Scientific Climate Ratings, structure adossée à l’Edhec Business School, a dévoilé le 23 juin ses « Sovereign Climate Risk Ratings » — un classement attribuant à 191 États une note allant de A à G, selon l’ampleur des pertes économiques anticipées d’ici 2035 et 2050 sous l’effet du réchauffement chronique. Un Nutri-Score climatique bien plus concret que les nombreux indicateurs ESG déjà disponibles.
« Nous allons essuyer quelques critiques, c’est une certitude, concède Rémy Estran-Fraioli, président de l’organisation, qui a pris soin, quelques jours avant la publication, d’adresser un courrier à chacun des pays évalués pour lui notifier sa note. Cependant, les marchés n’ont que faire des scénarios extrêmes et peu réalistes. Par exemple, le scénario ‘Net Zéro’, qui vise à contenir le réchauffement à 1,5 degré au-dessus des niveaux préindustriels, n’a, selon nos analyses, que 0,4 % de chances de se matérialiser. Il faut donc faire le tri. » Ses équipes ont ainsi passé en revue l’ensemble des états du monde possibles, leur ont assigné des probabilités, puis calculé l’impact du scénario le plus vraisemblable sur l’économie d’un large échantillon de nations.
Une question de latitude
La géographie influence le verdict. « La recherche macroéconomique est formelle : l’optimum de productivité se situe autour de 13 degrés Celsius », rappelle Nicolas Schneider, économiste à l’Edhec, ce qui tend à défavoriser les pays proches de l’équateur. Ainsi, les nations déjà soumises à des températures élevées écopent logiquement des moins bonnes notes. Le Brésil, classé E, verrait sa productivité chuter de 13 % d’ici à 2050 sous l’effet du réchauffement. À l’inverse, des nations situées sous des latitudes plus fraîches — la Russie, le Canada — pourraient théoriquement enregistrer de légères hausses de productivité à court terme, avant de se laisser rattraper, elles aussi, par la montée inexorable du mercure.

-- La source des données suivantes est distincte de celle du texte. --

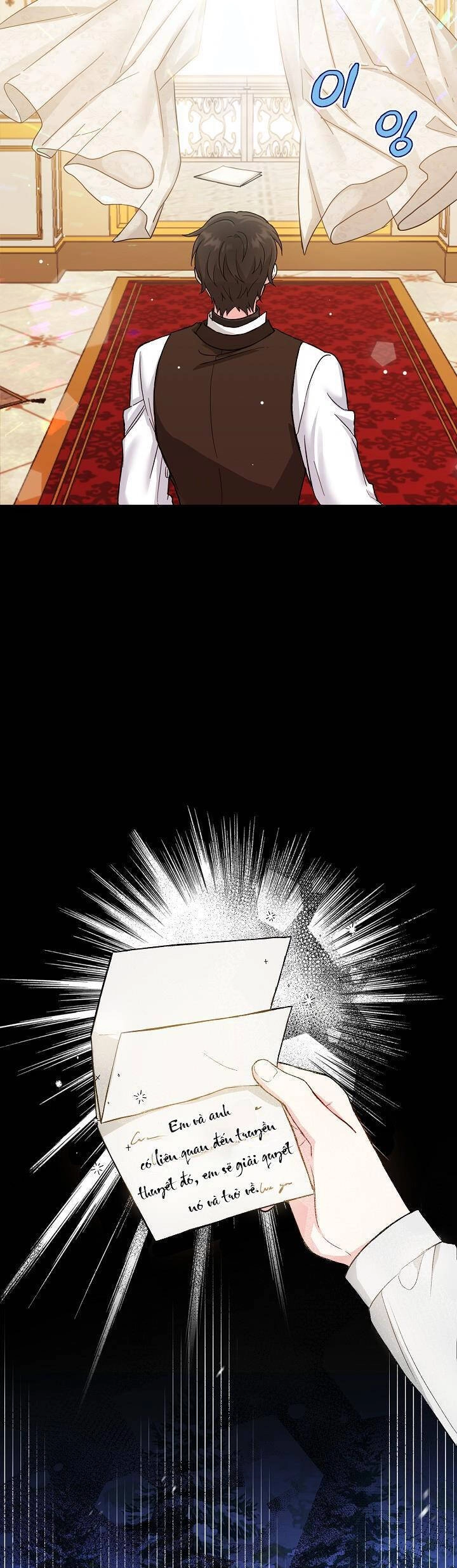 Nữ Chính Muốn Tôi Trở Thành Chị Dâu Của Cô Ấy Chapter 6 - 13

Aux États-Unis, notés E, le diagnostic est sévère. Les zones les plus densément peuplées et économiquement actives — le Texas, la Floride, l’Arizona — se situent déjà au-delà de l’optimum thermique, et le changement climatique les en éloigne chaque année un peu plus. Les États du Nord, comme le Minnesota, affichent certes un profil plus favorable, mais sans pouvoir compenser les pertes enregistrées dans le Sud. Au total, la productivité globale américaine devrait reculer de 4,6 % d’ici à 2035, et de 10,4 % d’ici à 2050, par rapport à un scénario sans réchauffement.
Un chiffre loin d’être négligeable : la pandémie de Covid-19 avait, en son temps, provoqué une contraction de 3 % de la productivité américaine — une contre-performance historique, mais dont l’économie avait su se relever. L’effet climatique, lui, n’offre aucune reprise. « Il est cumulatif », prévient Estran-Fraioli. Il s’installe, et il dure.
La France moins exposée
La France, notée B, s’en sort relativement mieux : une baisse de productivité de 2,6 % attendue d’ici à 2035, et de 5,9 % à l’horizon 2050. « Le risque physique induit par le changement climatique est aujourd’hui insuffisamment intégré par les marchés. Nous entendons combler ce vide », commente Rémy Estran-Fraioli. Les données satellitaires dont dispose déjà Scientific Climate Ratings permettent de descendre à l’échelle infranationale — région par région, territoire par territoire. La prochaine étape ? Noter individuellement les entreprises selon leur exposition au risque climatique. « Nous construisons une base de données considérable et affinons notre méthodologie », précise le dirigeant. Des milliers de Nutri-Score supplémentaires en perspective — et, avec eux, une nouvelle façon de lire le risque.